L'attuale edificio di culto prospetta monumentale sull'omonima piazza, con struttura basilicale a tre navate con transetto e cupola sul lato sinistro dell'abside.

I lavori dell'attuale chiesa ebbero inizio a partire dal 1639 con un progetto a firma di Angelo Italia. 

 

 

 

 

All'interno si ammira oggi il pozzo miracoloso, dove sarebbero state scoperte le reliquie di Sant'Angelo, realizzato con una artistica balaustra ottagonale nel 1673 da Giovanni Romano, committente il barone Francesco Vincenzo Buglio Minafria e Serrovira.

A sinistra della navata l'antica cappella di Sant'Angelo, ospita la seicentesca preziosa e artistica urna argentea che custodisce le reliquie del Santo Patrono, realizzata dal maestro argentiere Lucio De Anizi, protetta da un alta ed artistica cancellata in ferro battuto progettato dal can. Angelo Italia, architetto della Curia agrigentina, e realizzato dai maestri Giuseppe Lo Blundo di Licata e Giovanni Lauricella di Agrigento.
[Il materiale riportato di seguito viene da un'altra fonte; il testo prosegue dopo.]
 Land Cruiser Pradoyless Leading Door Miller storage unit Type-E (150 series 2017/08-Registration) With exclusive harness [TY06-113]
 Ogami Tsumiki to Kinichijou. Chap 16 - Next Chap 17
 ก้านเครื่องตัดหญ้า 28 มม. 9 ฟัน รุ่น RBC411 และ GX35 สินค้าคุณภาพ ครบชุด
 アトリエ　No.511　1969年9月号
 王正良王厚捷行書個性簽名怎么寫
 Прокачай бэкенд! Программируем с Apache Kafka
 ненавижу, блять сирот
La chiesa custodisce ancora numerose e pregiate opere d'arte: la Madonna della Lettera, di autore ignoto, due tele di ignoto artista del 600 con Sant'Angelo in estasi e  il Martirio di Sant'Angelo, l'Ecce Homo  degli inizi del XVI secolo, dove l'anonimo artista si richiama alle esperienze pittoriche di Antonello da Messina, le statue lignee del Settecento del profeta Elia, di San Francesco di Paola e della Madonna di Trapani.
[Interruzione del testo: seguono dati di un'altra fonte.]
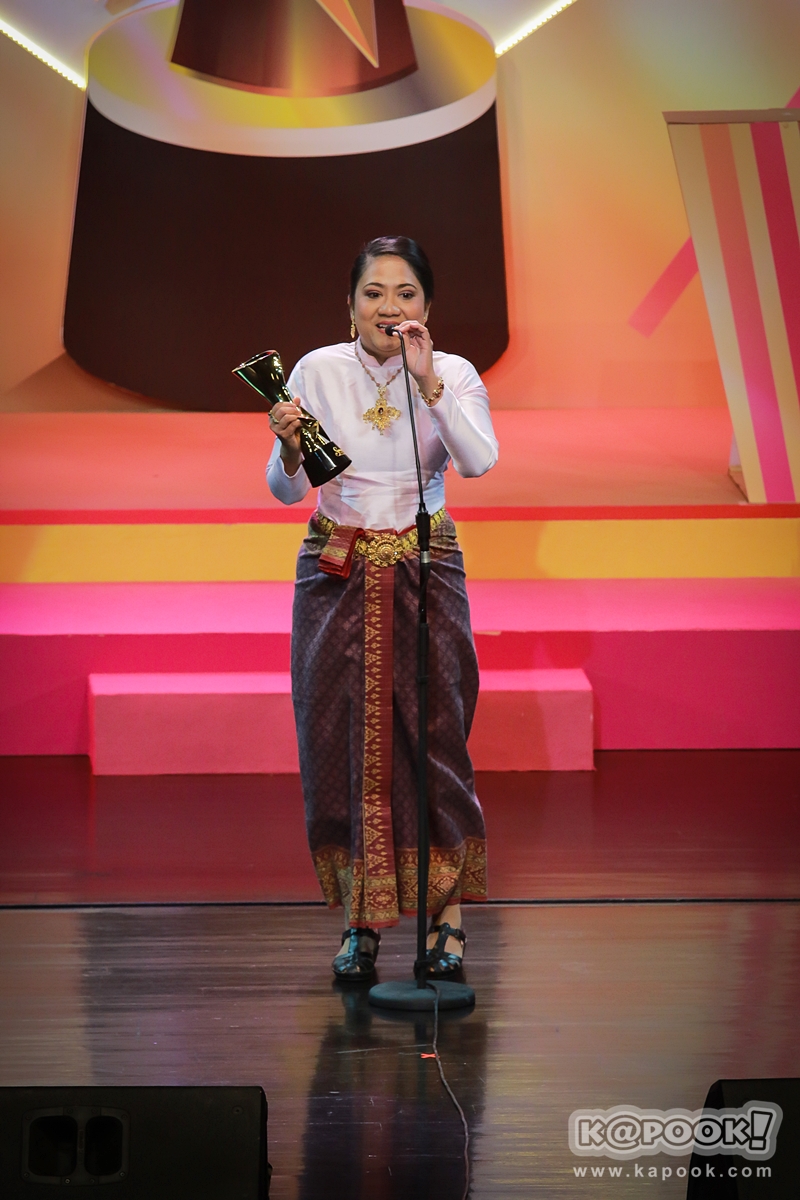 รอมแพง จันทร์ยวีร์ สมปรีดา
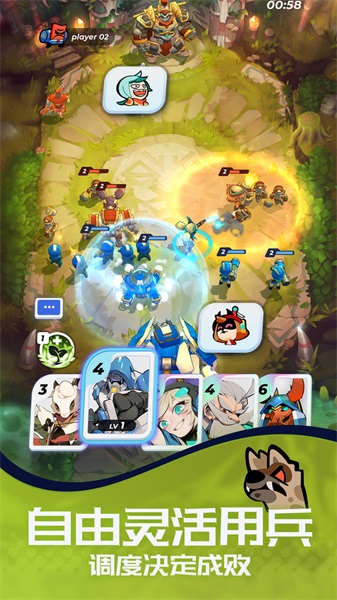 雷亚伊甸之战手游 v0.0.13 安卓版2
Una tela con i SS. Filippo e Tommaso, di anonimo artista siciliano del 700, la Deposizione  di Gioacchino Martorana del 1778.

Un paliotto d'altare, in legno ricoperto di lamina d'argento sbalzato su velluto rosso con al centro un medaglione con il santo benedicente,

Ai piedi delle navate stanno i cenotafi e i sarcofagi marmorei di Angelo Frangipane e Celestri (1795), del marchese Gerolamo Frangipane (1758), del marchese Domenico Cannada (1762), della baronessa Isabella De Caro e Miano.